Full Flavour

A mighty horn cries out into the distance, but all live in the deep valleys, where no sounds can be heard. How strange it is to suggest that, although we appear to listen, we clasp our ears tightly. When someone is talking, how often do we find that we are instead listening to our own thoughts and feelings rather than giving the other our full attention? A friend extols of some adventure he had in the morning or argues a point which he finds important. As his words come out one by one in sequence, a few are taken in but the rest are partly discarded. Our attention is distracted by our own thoughts and sentiments, urged by some inner impulse to create a response before even having ever truly listened to what was being said.

The emphasis is often sparing in the moment; our thoughts go to recall the past or formulate the future. A man’s intent is scattered and without focus, paying little respect to the fruits before him and the full flavour they impart. The details overflow with nuance and subtle shades which tell us much about the context of the situation. This character, his life, how the milieu of the surroundings affect his mood, and what his relationship is with you in particular, are all small fibers of a fabric woven quite deeply for the sake of being embraced in all its rich quality. There is indeed no computer simulation which could ever hope to bring together so much breadth of data as potentially vivid as this.
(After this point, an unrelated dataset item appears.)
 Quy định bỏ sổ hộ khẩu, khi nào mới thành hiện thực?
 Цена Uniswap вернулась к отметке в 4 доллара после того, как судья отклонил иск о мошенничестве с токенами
Our nature tempts us to focus on the length of life and not its width. We are prone to see the horizontal quite clearly, but the vertical we miss altogether. The meaning behind all of this is not to be vague or ambiguous, obscure or imprecise. but to create a sense of curiosity in what is lost when care and respect is offered in whole to something devoid of dimension. The vertical, for example, relates to how something is done, with attention paid not only to the reason but also the intent. A man tidies his desk at work for the reason that it is, perhaps, proper to do so, expected by his colleagues, or is a habit he was taught by his grandfather. Yet the intent can connect this one action to a philosophy he lives by irrespective of time and space; an iota of effort that weaves an action back to its greater purpose.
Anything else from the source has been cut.